Revision history for this message
OpenStack Infra (hudson-openstack) wrote : Fix merged to metal (master)

Reviewed: https://review.opendev.org/761760
Committed: https://git.openstack.org/cgit/starlingx/metal/commit/?id=11960566125e395e2556af1719778d737d4b86e5
Submitter: Zuul
Branch: master

commit 11960566125e395e2556af1719778d737d4b86e5
Author: Eric MacDonald <email address hidden>
Date: Fri Nov 6 09:21:22 2020 -0500

    Disable Redfish BMC audit and improve reinstall failure handling

    The Mtce Reinstall Handler can collide with the BMC Redfish
    audit resulting in reinstall failure. BMC handler's 2 minute
    connection audit can colliding with other BMC commands.

    The reinstall handler, with 4 bmc command operations is
    particularly suseptable.

    Two additional bmc communication improvements are implemented:

    1. Add 'retry' handling to all BMC requests in the Maintenance
       Reinstall Handler FSM to handle transient command failures.

       Note: There are already retries to all but the power status
       query and the netboot requests in that handler and retries
       in other administrative commands that involve bmc requests.

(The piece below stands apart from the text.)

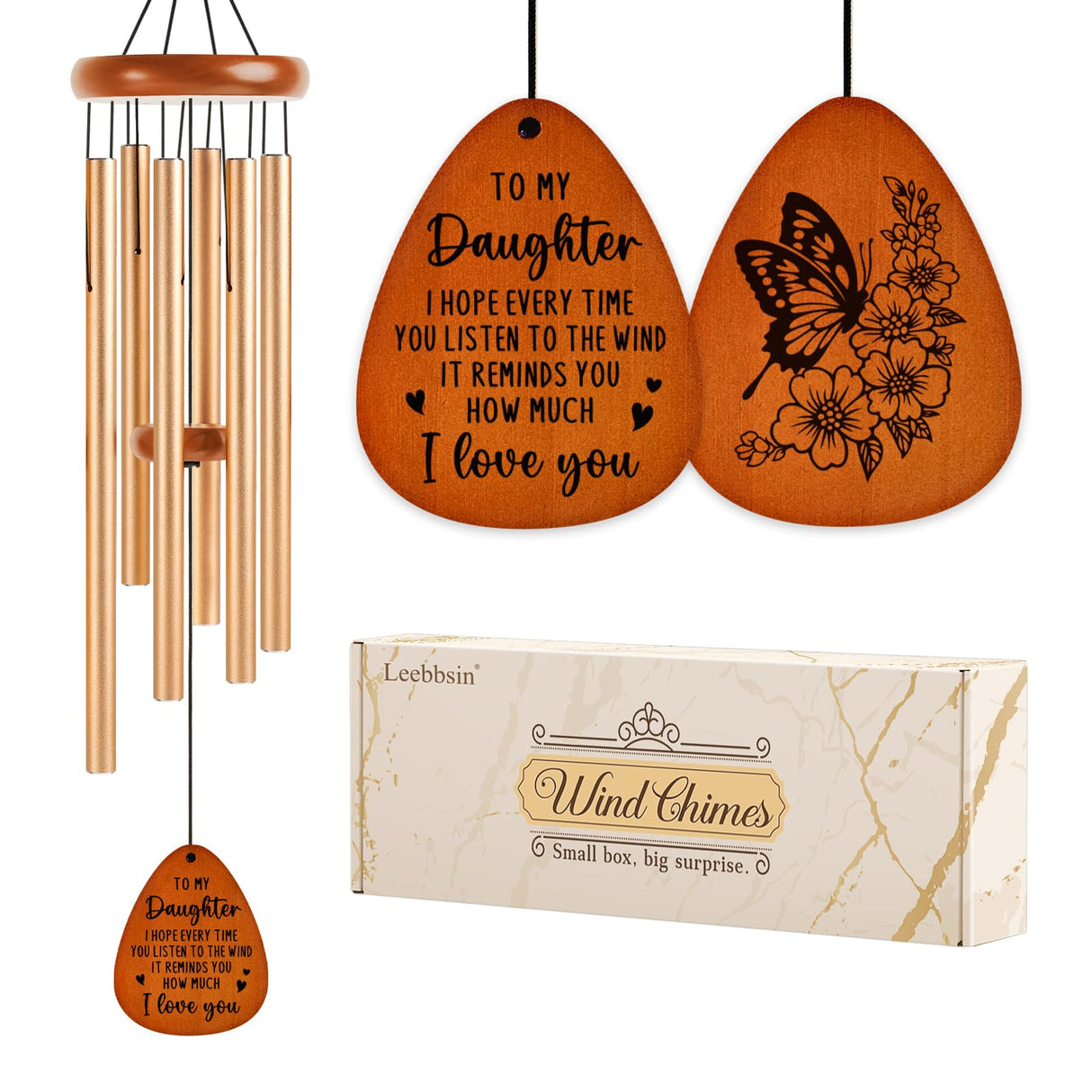 Gifts for Daughter, Daughter Gift Wind Chimes, Birthday Gift for Daughter from Mom Dad, Love Reminder Gifts for Birthday Wedding Thanksgiving Christmas Mother's Day-Large 36''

    2. Switch BMC power control command management from 'static' to
       'learned' lists. Some BMCs don't support both graceful and
       immediate power commands; Graceful Restart and Force Restart.
       To remove the possibility of using an unsupported BMC command,
       this update switches from static to learned power command lists
       with log produced if a server is missing command support.

       Power commands escalate from graceful to immediate in the
       presence of retries.

    Test Cases:

    PASS: Verify bmc handler redfish audit is disabled
    PASS: Verify reinstall soak using redfish
    PASS: Verify reinstall netboot and power status retry handling
    PASS: Verify all power control commands using redfish
    PASS: Verify graceful operations are used if available
    PASS: Verify immediate operations are used for retries

    Regression:

    PASS: Verify bmc ping audit success and failure handling

    PASS: Verify Reset Handling soak (redfish and ipmi)
    PASS: Verify Power-Off/On Handling soak (redfish and ipmi)
    PASS: Verify Reinstall Handling soak (redfish and ipmi)
    PASS: Verify Standard System Install (redfish and ipmi)
    PASS: Verify AIO DX System Install (redfish and ipmi)

    PASS: Verify this update as a patch

    Change-Id: Idb484512ccb1b16e2d0ea9aff4ab7965347b1322
    Closes-Bug: 1880578
    Signed-off-by: Eric MacDonald <email address hidden>